Problem details: All records below are to be duplicated exactly, with every picture excluded.

Exercise data:
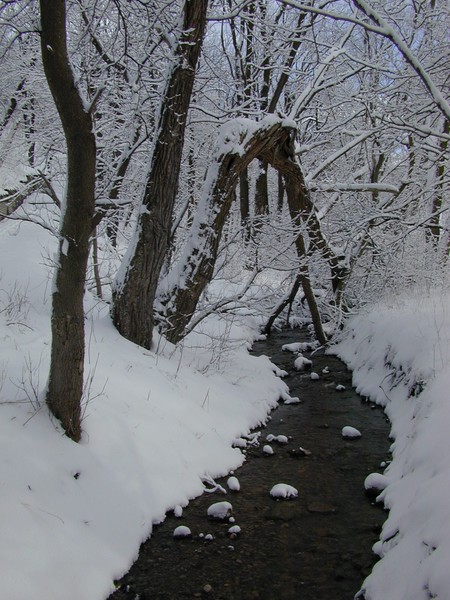 A Winters Stream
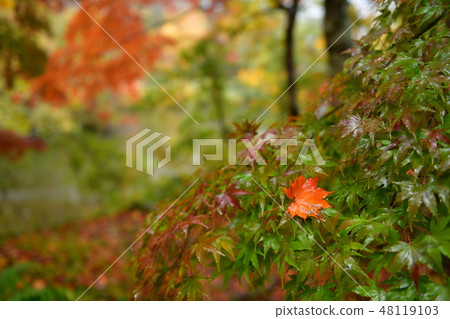 雨秋葉 雨秋葉 48119103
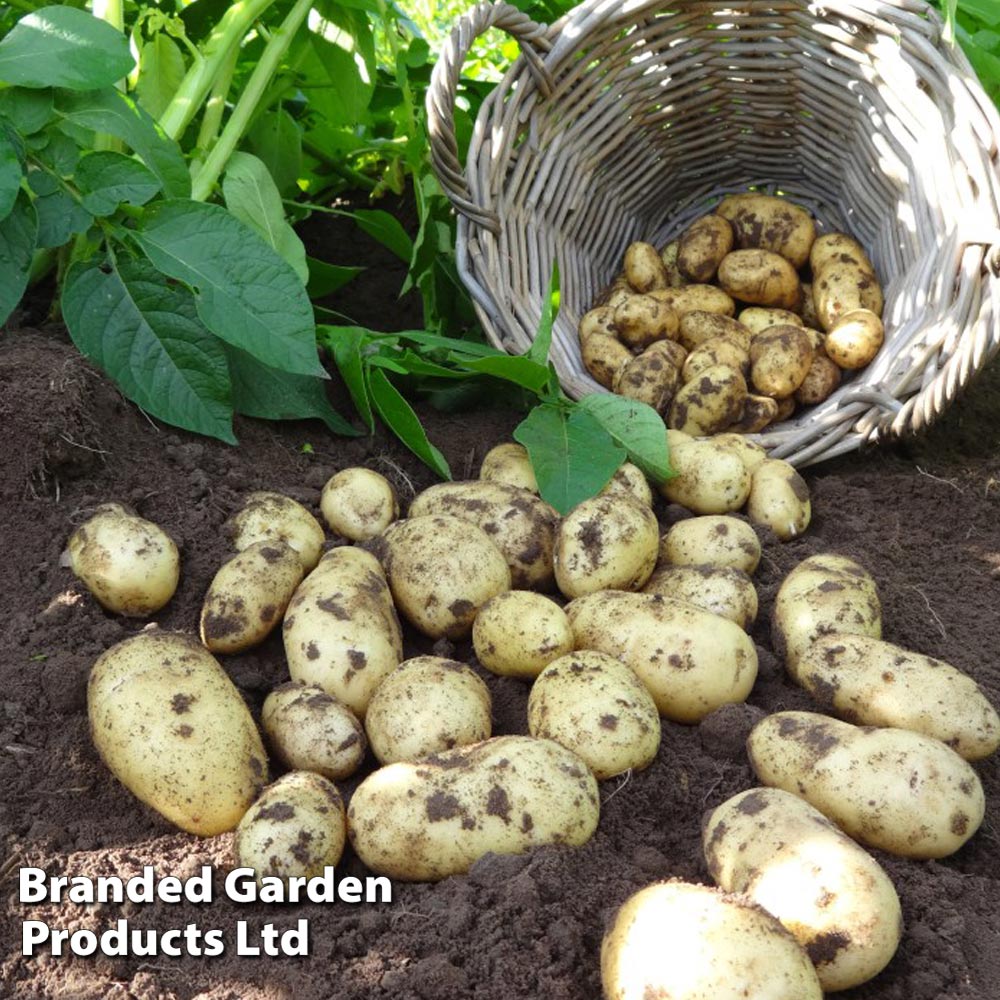 How to grow potatoes in potato bags with Van Meuwen 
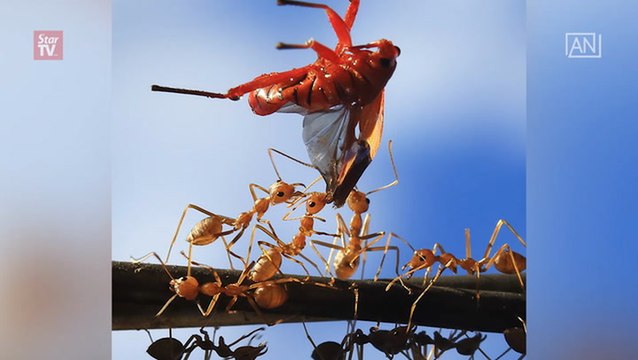 Asean biodiversity photo contest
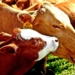 The recent outbreak of Foot and Mouth Disease in Mzansi will deal a heavy blow to the South African economy, influencing farmers and consumers alike.
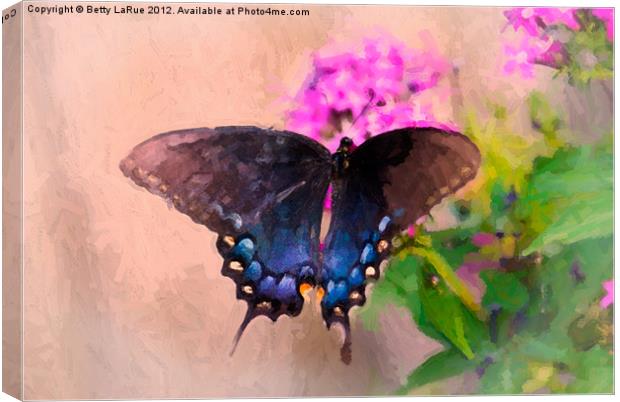 Pipevine Swallowtail Butterfly Canvas Print by Betty LaRue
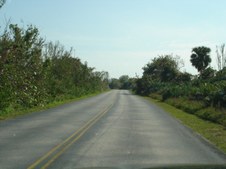Enlarge photo 75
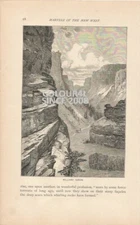 WILLIAMS CANON 1887 ILLUSTRATION PRINT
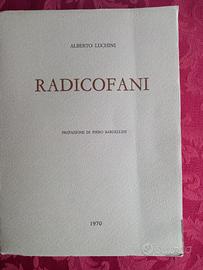 Radicofani - Alberto Luchini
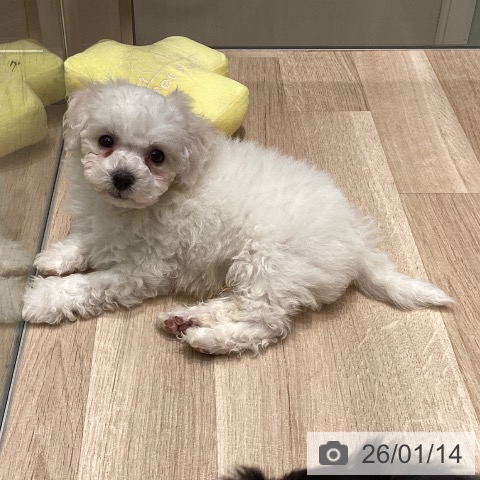 東京都のビションフリーゼ (ペットプラス 立川高島屋S.C.店/2025年11月10日生まれ/男の子/ホワイト)の子犬の3枚目の画像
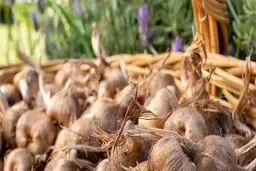 هر کیلو پیاز زعفران ۵۰ هزار تومان!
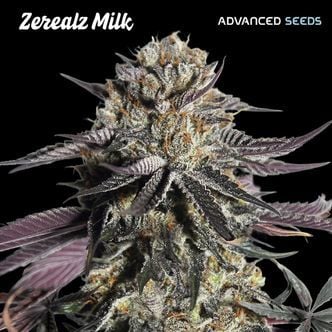 Zerealz Milk (Advanced Seeds) féminisée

Answer to this problem:
 A Winters Stream
 雨秋葉 雨秋葉 48119103
 How to grow potatoes in potato bags with Van Meuwen 
 Asean biodiversity photo contest
 The recent outbreak of Foot and Mouth Disease in Mzansi will deal a heavy blow to the South African economy, influencing farmers and consumers alike.
 Pipevine Swallowtail Butterfly Canvas Print by Betty LaRue
Enlarge photo 75
 WILLIAMS CANON 1887 ILLUSTRATION PRINT
 Radicofani - Alberto Luchini
 東京都のビションフリーゼ (ペットプラス 立川高島屋S.C.店/2025年11月10日生まれ/男の子/ホワイト)の子犬の3枚目の画像
 هر کیلو پیاز زعفران ۵۰ هزار تومان!
 Zerealz Milk (Advanced Seeds) féminisée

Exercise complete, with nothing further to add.